The third option is the preference of the SNP-led Government. Under that option, the White Paper envisages dissolution of the 1707 Union, but maintaining the 1603 Union of the Crowns. The Queen would remain Head of State in Scotland. It is also recognised that there would still be a 'social union' between Scotland and the rest of the United Kingdom, with many cross-border services continuing.

Upon the basis that sovereignty ultimately resides with the Scottish people, the Executive proposes that a referendum would be held to seek the consent of the Scottish people to start negotiating Scotland's exit from the United Kingdom. The White Paper has a draft Referendum (Scotland) Bill appended to it, which includes a proposed question for such a referendum. It is recognised in the White Paper that a 'yes' vote for independence would not result in the unilateral secession of Scotland from the United Kingdom. As was recognised in Canada in the late 1990's, when Quebec held an independence referendum, the territory leaving the union has a duty to negotiate its exit with the state it is leaving.

Independence would see the Scottish Parliament and Scottish Executive becoming responsible for defence, foreign affairs and economic policy. These are areas which could not practically be transferred to Scotland under any devolution settlement. However, if the current devolution settlement were to be significantly redesigned (short of full independence), many other powers could be transferred to Scotland, including, amongst others, fiscal autonomy, criminal justice matters currently reserved, such as misuse of drugs and control of firearms; as well as social security, health and safety, energy and the environment.

The White Paper recognises that some of the currently reserved areas, such as foreign affairs, defence and currency, will be more difficult to transfer to Scottish control.
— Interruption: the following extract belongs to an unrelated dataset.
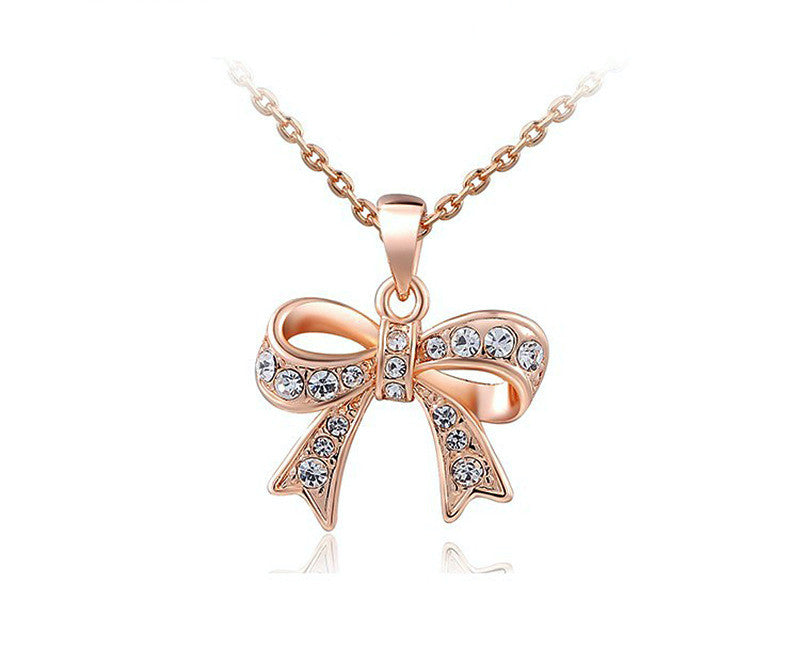 18K Rose Gold Plated Sadie Necklace with Simulated Diamond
However, it argues that many of the other reserved powers could be more easily transferred to Scotland and therefore allow the devolved administration more control over governing Scotland.

The stated aim of the White Paper is to start a national 'conversation'. The 'conversation' blog on the Scottish Executive website has already received 1,000 comments and it is planned to hold a number of public events to encourage participation. Whatever the final outcome, we are entering interesting waters in the story of our constitutional and political history.